“Libertà vo cercando. Senza fine l’inarrestabile battaglia delle donne”
Una maratona letteraria al femminile per ripercorrere due secoli di battaglie, conquiste e storie di autodeterminazione: sabato 19 settembre 2026 alle 11:30, il Casale dei Cedrati di Villa Doria Pamphilj ospita “Libertà vo cercando. Senza fine l’inarrestabile battaglia delle donne”, un incontro organizzato da All Around insieme alla cooperativa culturale Casale dei Cedrati e a GiULiA Giornaliste.

Dalle donne che parteciparono al Risorgimento a quelle che presero parte alla Resistenza, dalle battaglie per i diritti e l’emancipazione alle forme più contemporanee di violenza, discriminazione e resistenza: una maratona per riportare alla luce storie di donne che hanno contribuito, spesso senza ricevere il giusto riconoscimento, a cambiare la società.
Un percorso che parte dalle protagoniste del Risorgimento raccontate da Chiara Bonome ne “Le sfacciate meretrici”, omaggio all’impegno e al coraggio di tutte le donne che hanno contribuito all’indipendenza e all’Unità italiana accanto e al pari degli uomini.
Prosegue poi attraverso le vicende delle protagoniste di “Donne di un altro mondo” di Maria Grazia Giammarinaro, donne siciliane che tra povertà, fascismo, guerra e mafia costruiscono il proprio percorso di libertà. Il racconto procede con la nascita della Repubblica e con le donne che hanno contribuito a costruirne i fondamenti: “Sebben che siamo donne”, a cura di Lucia Visca e Marina Viola, ripercorre il ruolo delle donne nella Resistenza e nella Costituente, con un saggio di Graziella Falconi che ricostruisce la partecipazione delle donne alla lotta di liberazione. “Le ragazze della cooperativa” di Lucia Visca racconta invece l’esperienza di un gruppo di giovanissime di Allumiere che nel 1970 diedero vita a un’esperienza capace di cambiare la vita di centinaia di donne.
E ancora, “Sono bella per te” di Francesca Malerba affronta una forma di violenza che non lascia necessariamente segni sulla pelle ma annienta la persona e la sua autonomia, mentre “Ninna Nanna.
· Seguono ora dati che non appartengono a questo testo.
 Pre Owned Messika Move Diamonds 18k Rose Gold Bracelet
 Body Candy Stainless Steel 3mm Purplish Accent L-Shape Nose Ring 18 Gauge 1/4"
Una storia d’amore e di mafia” di Rita Mattei descrive il tormento di una donna cresciuta a pane e mafia, fino alla scelta di sottrarsi a quell’universo.
Infine, le donne che continuano a opporsi alle discriminazioni e alla cancellazione dei diritti. In “Voci di resistenza” l’autrice Antonella Napoli raccoglie le storie di donne impegnate nella difesa dei diritti umani e delle libertà civili sullo sfondo delle politiche anti-migranti dell’amministrazione americana. “Shopping pericoloso” di Stefania Giacomini affronta il traffico internazionale di donne destinate alla prostituzione forzata e allo sfruttamento lavorativo.
A chiudere idealmente la maratona due libri che offrono uno sguardo sul presente attraverso una sensibilità tutta femminile: “Il fazzoletto di Lenin” di Giovanna Cucè, che attraversa la storia di una famiglia ligure emigrati sulle sponde del Mar d’Azov per cercare fortuna, travolta dalle repressioni del regime sovietico, e “Basta essere umani. Guida pratica per non estinguerci” di Susanna Di Vincenzo, un invito a ripensare il rapporto tra esseri umani, società e pianeta e a trasformare la consapevolezza in azione.
“Libertà vo cercando” sarà così un viaggio attraverso storie diverse ma unite da una stessa domanda: quanto è ancora lunga la strada verso una libertà pienamente conquistata? Una maratona di voci, libri e testimonianze per ricordare che le battaglie delle donne non appartengono soltanto alla storia: continuano nel presente e chiedono di essere raccontate, ascoltate e condivise.